I've tested (and tore down) several network-controllable power switches of late; Belkin's WeMo and, more recently, TP-Link's HS100, both Wi-Fi based. Then there's GE's (sold under license by Jasco) Avi-on line. Unlike the others I just mentioned, it's Bluetooth-based, and with a twist.
Each Avi-on unit is not only a receiver but also a mesh transceiver, theoretically enabling you to control any unit in your house from your Android- or iOS-based device, no matter where you are … assuming the units are able to "see" each other, that is. The BT4101 smart switch that's the subject of today's teardown (I also have two other Avi-on products in my teardown queue) is also quite flexible in its configuration options … you can give it 7-day scheduling, set it to turn on at dusk and off at dawn (with automatic seasonal adjustments), give it custom countdowns, and set it to randomly turn on and off while you're away to create a lived-in look.

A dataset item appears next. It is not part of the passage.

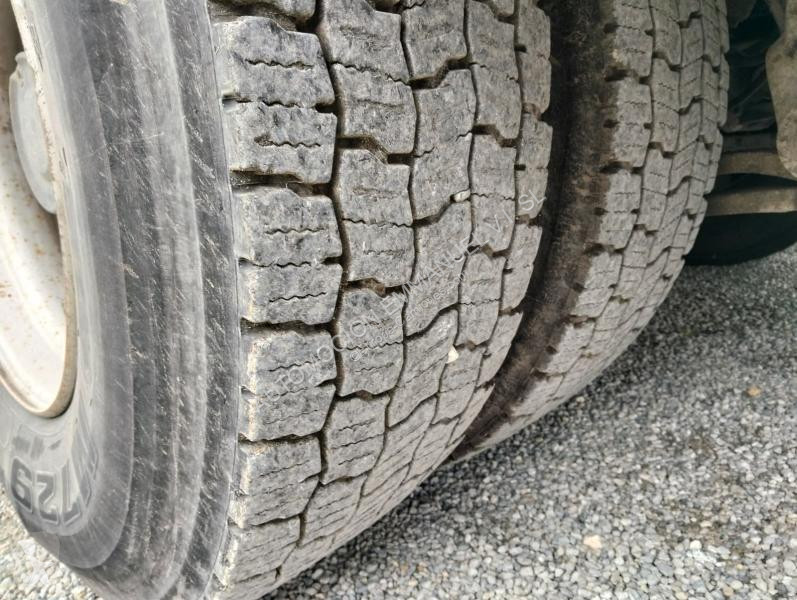 آلة لصيانة الطرق Renault 320.19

I'll begin, as usual, with a set of box shots:
Inside, you'll find a product pamphlet and owner's manual:
Here are some views of the BT4101 out of the box:
And a closeup of the backside markings:
Those rubber "knobs" are telltale signs of screws underneath; they were actually press-fit, not glued in place:
Voila; I was right!
I hadn't encountered the "spanner" dual-notch screw heads before:
But my iFixit 64-bit driver kit was as-usual up to the challenge (that's a #4):
With the screws removed, the top lifted right off, revealing the guts inside:
First off, here's a closeup of Xiamen Hongfa Electroacoustic's HF115FD relay:
The "earth ground" AC prong is screw-connected to its corresponding power input wire, which was a bit interesting since the other two were simply soldered (I wonder if this provides manufacturing line flexibility for international AC standards?):
Conversely, the output AC plug lifts right off the enclosure:
Remove three more small Philips screws, and the dual-PCB assembly lifts away, too:
The main PCB handles the AC switching stuff; here's what its backside looks like, along with a circuit closeup:
And here are closeups of some of the frontside markings:
Its connection to the secondary PCB, housing the Bluetooth and other digital circuitry, is seemingly a bit tenuous:
Here's the secondary PCB in its frontside entirety (the backside was basically bare save for some solder joints, as you might have been able to tell from a prior photo, so I didn't bother snapping a shot of it):
And here's a closeup showcasing the CSR (now Qualcomm) model 1010 single-chip Bluetooth radio with integrated microprocessor and memory:
I put the BT4101 back together ... and it still works! I used it to control my Christmas tree lights, in fact.